Taylor, the former director of a children's foundation created by Fogle, says his former boss referred to himself as "daddy" and reminded him that "daddy" was paying for his things.
Taylor’s defense filed a pre-sentencing memo on Friday. It asks a federal judge to sentence him to prison time ranging from the minimum of 15 years to 22 years. Attorneys for Taylor, 44, say he’s deeply remorseful for the pain he caused the children he secretly made videos of.
Taylor's defense argues that hidden cameras were installed in his home initially to deter theft. They alledge Fogle paid for and forced Taylor to install more cameras after it was uncovered the videos had captured children nude.
"Mr. Fogle maintained control over Mr. Taylor’s job, owned the home Mr. Taylor was living in, and provided a lavish number of experiences to Mr. Taylor. Mr. Fogle had the perfect person to carry out his sexually deviant pursuits, all the while attempting to insulate himself from the risks of the conduct."
Motion cameras were later placed inside alarm clocks in rooms of Taylor's home. Defense attorney say that Taylor never had sexual contact with any of the children filmed. Taylor is accused of turning over the videos to Fogle.

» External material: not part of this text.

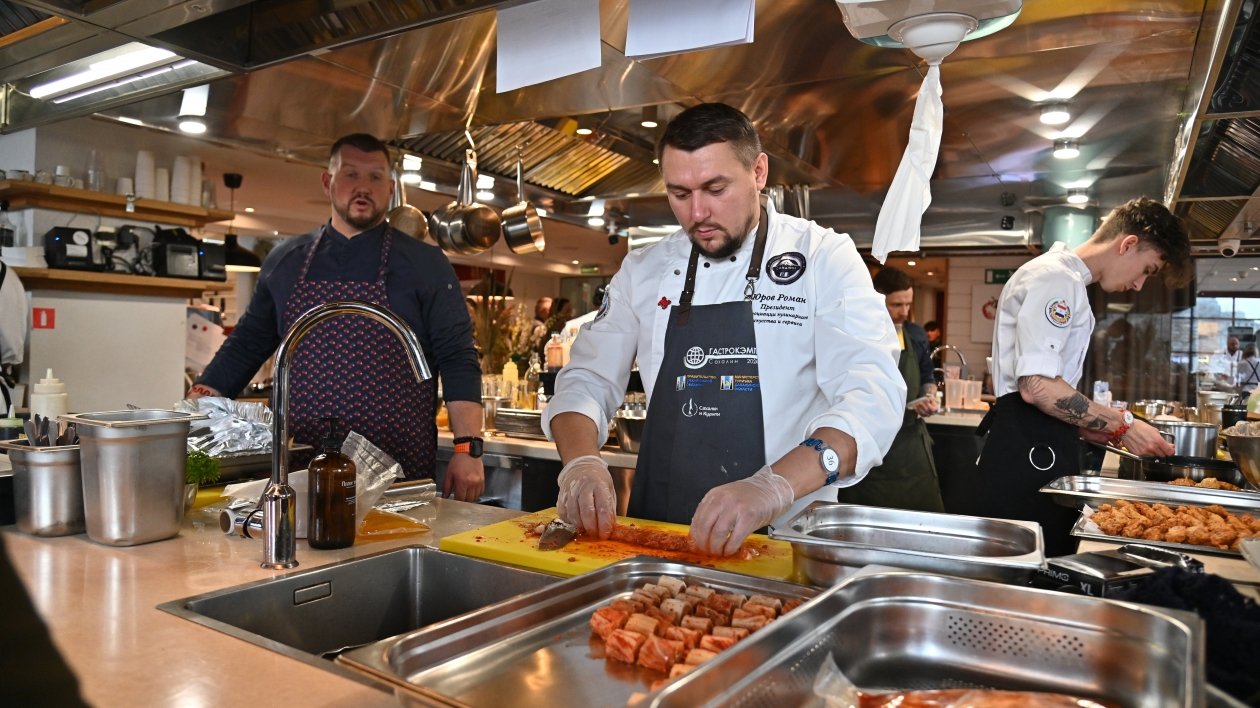 пресс-служба министерства туризма Сахалинской области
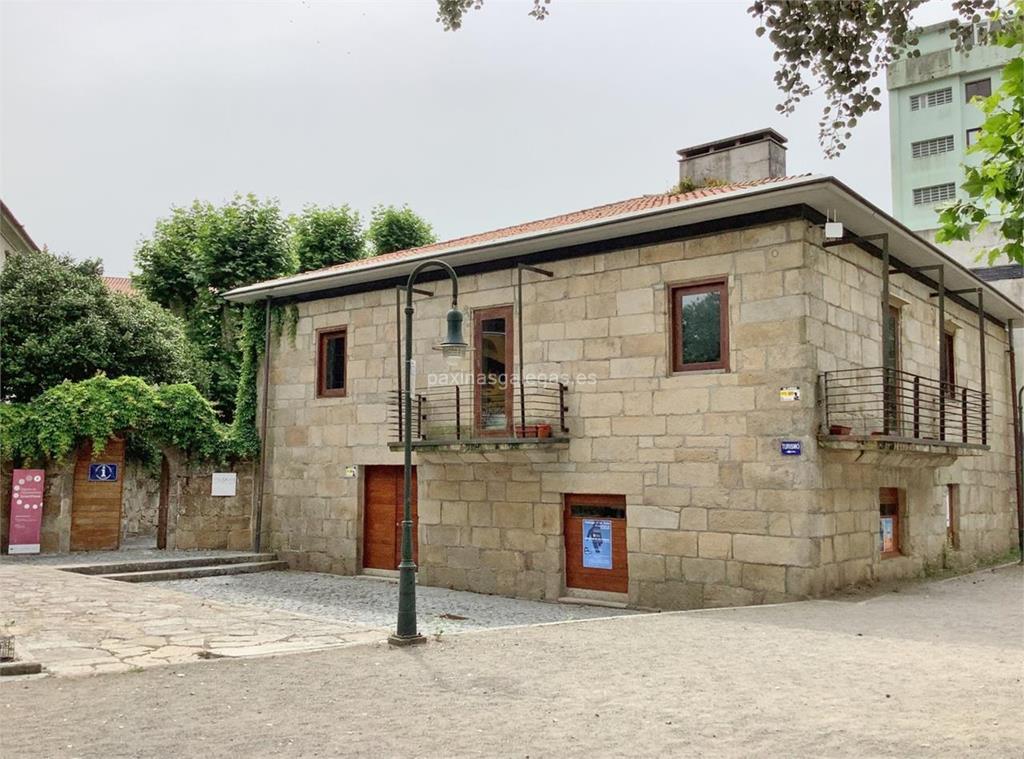 imagen principal Museo de Ramón Cabanillas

Prosecutors want a judge to sentence him to 35 years in prison followed by a lifetime of supervised release. He was arrested in April.
A sentencing memorandum filed Thursday and signed by U.S. Attorney Josh Minkler says Taylor "repeatedly engaged in criminal activity targeting children" and that his actions "greatly impacted the lives of 12 children and their families."
Taylor is expected to plead guilty Dec. 10 to child exploitation and child pornography charges.
Fogle was sentenced last month to more than 15 years in prison for trading in child pornography and paying for sex with underage girls. The investigation into Taylor is what lead investigators to Fogle.
This article is by the Associated Press and WFYI's Ryan Delaney.